Many people promote various different answers to this question. However, the main reason for this seems to be in order to manipulate the behaviour of others. This advice is obviously of low value for those trying to decide what to do.
Of course the bottom line is that most people are free enough to propagate whatever they like. So: please consider the rest of this article as my two cents:
From a scientific perspective there are three main classes of copied entity that have the most direct influence over human behaviour: DNA genes, social learning (memes), and individual learning.
The DNA genes with the most influence are usually those of the host involved, but sometimes the genes of other people, mutualists or parasites are also significant.
Human genes have delegated most of our behavioural repertoire to the human brain. So, in practice the brain makes most of the body's decisions that are more complex than reflex actions. However, genes still get to have their say - they originally designed the brain's reward system - constraining the brain's options.
In practice most humans act as though they are propagators of both genes and memes. The significance of gene-propagation is quite high - just looking at the seven billion humans. Indeed some opponents of memetics argue that the influence of genes is overwhelming - and that the common examples of deleterious memes (such as smoking memes and obesity memes) generally exist because they benefit the genes of various corporation owners). However, I think any sensible analysis denies the validity of the "it all boils down to genes" perspective - i.e. memetics beats Wilson-style sociobiology.
Some have suggested that meme propagation is personally important to them. Famous examples include Dawkins - who wrote:
I'd rather spread memes than genes anyway.
...and Steven Pinker - who wrote, in How the Mind Works:
I am happy to be voluntarily childless, ignoring the solemn imperative to spread my genes. And if my genes don't like it, they can go jump in the lake.
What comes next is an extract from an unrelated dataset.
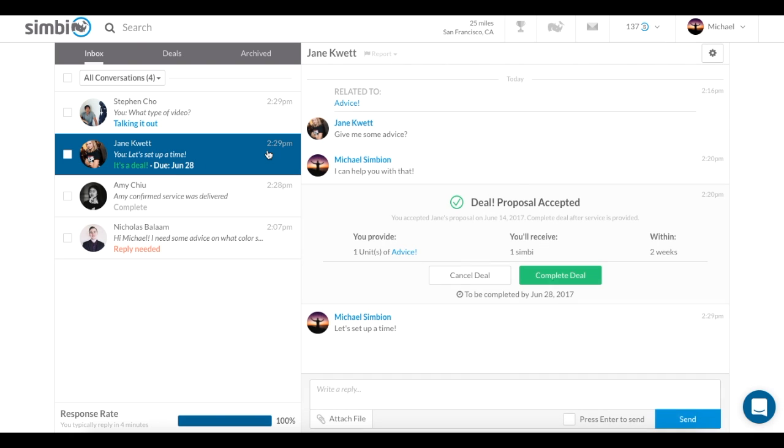My conversation with Jane shows it's a deal. This means that both Symbians have agreed to the proposal, and the deal is pending completion.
Personally I am much more sceptical about meme propagation at the expense of their gene propagation. I tend to regard it as memetic hijacking. I tend to view those who propagate memes at the expense of their genes as memetic hijacking victims. If memes steal your genetic genetic fitness, you are probably being manipulated.
Many seem to regard nature as "wasteful, cruel and low". They see gene propagation as bad. However, my perspective is rather the reverse of this: evolution is good.
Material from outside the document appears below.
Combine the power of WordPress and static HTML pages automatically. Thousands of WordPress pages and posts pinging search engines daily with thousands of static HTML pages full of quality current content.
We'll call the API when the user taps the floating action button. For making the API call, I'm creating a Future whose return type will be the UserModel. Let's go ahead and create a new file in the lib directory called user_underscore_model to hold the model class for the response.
Some regard personal gene-propagation as selfish - and advocate propagating their group, species or ecosystem instead. For example, The Laughing Genes recommends propagating high-level entities - such as your own species. I regard this advice as probably a form of signalling. Selfishness has a poor reputation, and consequently, many want to signal unselfishness. This appears to be the basis of much moral preaching promoting unselfishness.
What about the idea that memes are on the rise? That there is likely to be a memetic takeover - and so attempts to spread genes are ultimately likely to be futile?
It is true that in the last genetic takeover, few organisms from before the transition made it through. However, that seems unlikely to happen again. These days there are too many museums for anything to get that lost. Genes can still reasonably dream of immortality.